When Charlie Arnot, the CEO for the Center for Food Integrity, began speaking, it was with the deep, rolling cadence of an auctioneer, and as he went on it never once gave way to a stutter or a stammer. This, along with his short cropped haircut atop a near perfect posture, all served to suggest he had nothing to hide. It was fitting. He was addressing the 2015 Iowa Farm Bureau President’s Conference on the topic of transparency in food production.
His message was simple. “In 5 years transparency will be where sustainability is today. Transparency is no longer optional.”
The Center for Food Integrity has a mission: “To build consumer trust and confidence in today’s food system by sharing accurate, balanced information, correcting misinformation, highlighting best practices that build trust and engaging stakeholders to address issues that are important to consumers.” Its members range from Costco to Tyson, from Monsanto to the World Wildlife Fund. In order for the group to realize their mission, Arnot argued it is essential that we recognize the shift that has occurred in how institutions are viewed over the last 45-50 years.
According to Arnot, confidence in our institutions has eroded since the social upheaval of the late 60s, partly due to frequent violations of the public’s trust. Once authority was simply granted by office. This isn’t so today.
Social consensus was primarily driven by white, Anglo-Saxon, Protestant men. Now there is no single social consensus. Instead we have tremendous diversity with many voices offering to guide us, and we are left to wonder which voices should. Communication used to be done by mass means. It was formal but indirect. Everyone got the same paper and heard the same newscast. Today we have masses of communicators, informal but direct, and we tend to listen to the ones who share our world view.
Arnot singled out one institution: the US military. Up to the Vietnam War the military was largely in control of its images and messages. Television in the 1960s changed the conversation. The military struggled to adapt, and initially worked even harder to try and maintain control. Over the subsequent years it finally realized control was no longer possible. It was then that they began to understand the importance of transparency. Today they embed journalists with the troops themselves.

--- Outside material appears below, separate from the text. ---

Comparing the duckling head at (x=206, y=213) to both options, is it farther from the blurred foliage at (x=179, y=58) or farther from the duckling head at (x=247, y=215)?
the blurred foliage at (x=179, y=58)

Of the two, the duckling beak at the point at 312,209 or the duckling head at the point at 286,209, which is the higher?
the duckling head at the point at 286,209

During this same period agriculture has seen increased industrialization, consolidation, and integration. Arnot argued that today agriculture itself is seen as an institution, with social media now functioning as television once did. While farmers still maintain great public trust, the consumer sees agriculture as becoming increasingly grey.

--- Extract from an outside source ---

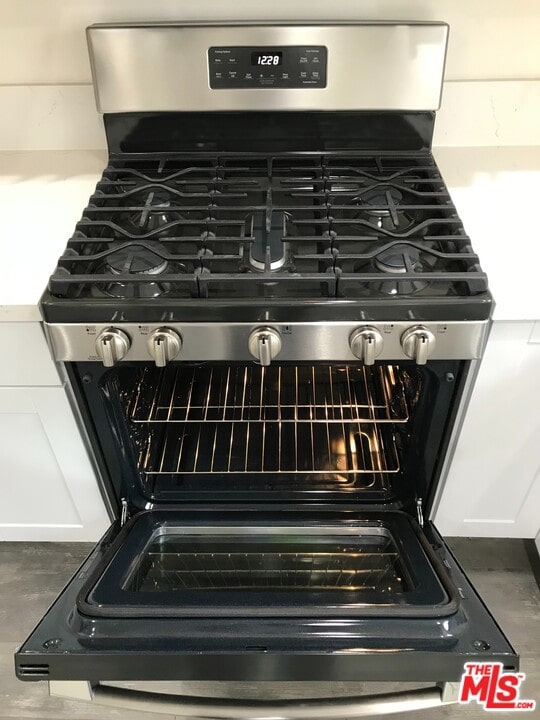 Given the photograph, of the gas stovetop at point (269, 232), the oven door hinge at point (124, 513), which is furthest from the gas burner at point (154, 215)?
the oven door hinge at point (124, 513)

The consumer’s turn to social media is an effort to find transparency. There, they find many voices, all begging for the consumer’s attention. In agriculture we are largely unsure of how to handle this. Frequently it makes us reactive and even less transparent, offering an opportunity for others (many with inaccurate information) to step in and fill the void.
We try to counter the misinformation with facts and expertise. In doing so, we miss a key component of how trust is built. While facts and expertise are certainly part of the equation, the foundation of trust rests on the concept of mutually shared values. CFI has found that shared values are 3 to 5 times more important to us than facts or expertise.
Herein lies the success of the Food Babe. She offers few facts. She offers little expertise. Her success lies in the claim that she shares the same values as her followers.
According to Arnot when the consumer asks “Should we raise GMOs?” We make our argument from a scientific and economic standpoint, as though they asked “Can we raise GMOs?” Instead, what the consumer is really asking is “Do we share the same values?” In missing the question agriculture gives up the moral high ground which is rightfully its own.
Instead of arguing GMOs are scientifically proven safe, that we need them to feed the world, or that they are crucial to maintaining our bottom line, what would happen if we said “We raise GMO crops because we have the same concerns as you. We use GMOs to farm more sustainably, using less pesticides, and to help keep healthy food affordable.” At the end of the day, what is there to hide in that?